Notebook

Gambia is like a real-life Tinder for geriatrics

14 April 2018

9:00 AM

14 April 2018

9:00 AM

When Facebook and co stop selling on our details to third parties, will it be the end of spam? For half an hour every evening my otherwise chatty husband is lost to me as he deletes hundreds and hundreds of emails. My PA does the same, and so do I. The waste of time is criminal. But I doubt the spam will stop. If junk through the front-door mail box isn’t illegal, I guess junk through a virtual mailbox can’t be either. Grrr… Technology was supposed to save us time, remember? What a joke. It just frees you up to deal with more junk.

Desperate for sun and time for me to get the final rewrite of a cookbook and a novel done, we looked for somewhere as near culture-free as possible. If there were any museums, art galleries, ancient buildings or sights to see, hubby John would have been in there like a shot, with me tagging along for fear of missing something. Over the years the most culture-free places we’ve found are Sharm El Sheikh and Sint Maarten. Sharm was full of the sort of Brits who make you ashamed to belong to the same nation, and Sint Maarten is two flights and a long way away. Gambia looked like ticking all the boxes: perfect climate, white beaches, English the national language, no time change, only a six-hour direct flight, minimal crime and safe, so we booked.

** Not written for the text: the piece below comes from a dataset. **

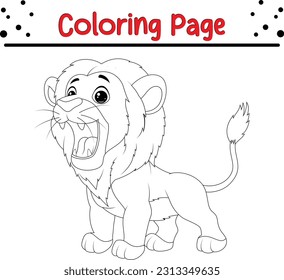 lion coloring page for kids. lion carton Coloring book for children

Gambia is all of the above, but it surprised (not to say shocked) this couple of oldies. It’s a kind of real-life Tinder dream for geriatrics. The beach was full of elderly white European women happily strolling along hand in hand with beautiful young Gambian men. And triumphant seventysomething white men living the dream, cocktails or beer glass in hand, lounging about with glamorous black girls on the double beach beds. If John or I walked alone on the beach, within seconds a charming if overeager ‘beach bumster’ of the opposite sex would tag along, offering to be a ‘friend’.

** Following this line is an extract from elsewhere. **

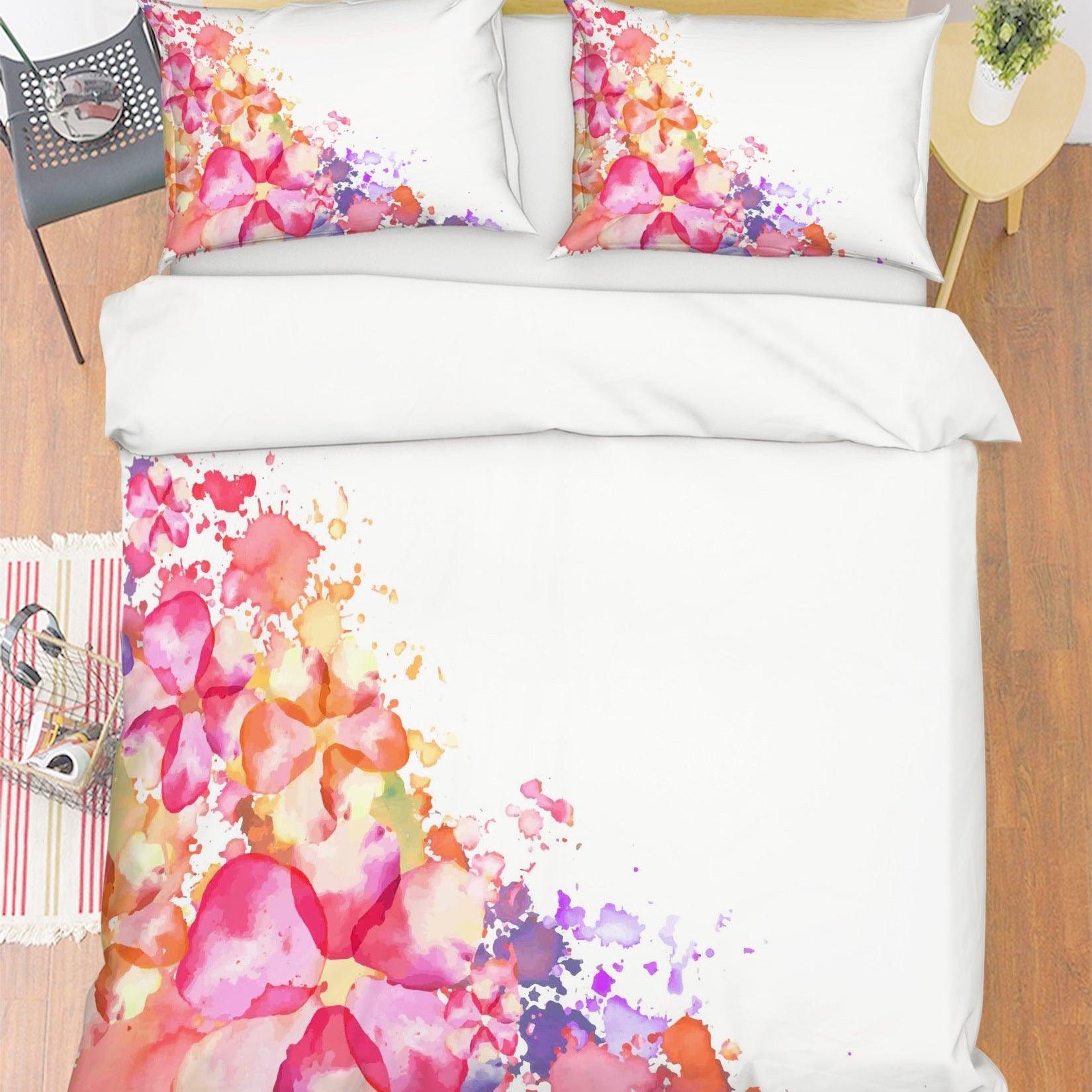 3D Pink Splash Ink Quilt Cover Set Bedding Set Pillowcases 31- Jess Art Decoration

There were some geriatrics who, like us, hadn’t come in search of sex. Many had been going to the country for years and loved it. But those faithful returners mostly thought they wouldn’t be doing so for much longer. Since British Airways stopped flying there, most of the tourists are on all-in holiday packages, and the hotels are going downmarket, attracting customers in search of the all-you-can-eat-three-times-a-day deal. Next door to our hotel was a mini-Magaluf, rammed solid with drunken young. We were in an old colonial sprawl with spacious gardens, big pool and loungers on the beach. In its heyday it had seven restaurants; now it has only one for breakfast, plus a pool café, and it is thinking of trapping its clientele with an all-in deal. Sad.

One of the joys of doing telly is being fussed over by hairdressers, make-up artists, wardrobe mistresses and style gurus. This morning I was asked what skincare products I preferred. Did she mean the E45 (£9.49 for half a litre) I slap all over my face, body, feet and hands? Or the bubbly stuff from Nivea (all-in-one face, hair and shower wash for men) at £1. Ever since, 30-odd years ago, Anita Roddick broke the beauty conspiracy to tell us vegetable fat was as good as a £300 pot of youth elixir, I’ve happily stayed away from the snake-oil merchants.

I used to be a hot theatre-goer but today I prefer ‘live’ cinema streaming. At least if the play’s a washout it hasn’t cost a fortune. Trip to London, taxis, tickets, dinner and a night in a hotel cost more than a mini-break in Istanbul. But we are risking it for Hamilton. Not till November, though: you have to book ten months in advance.

This winter has meant an unprecedented amount of mud brought in by the dogs and deposited on carpets and sofas. Our cavalier spaniel is the worst offender, partly because she can’t resist a newly dug border or a muddy puddle, but also because she’s low on the ground with feathery feet, tail and tum. Trying to catch her for a freezing douche from the outside tap had her sprinting for the drawing room, so we’ve connected the tap through the wall to the kitchen sink and set the temperature to warm. Now Tattie stands stock still for her shower. If she were a cat, she’d be purring.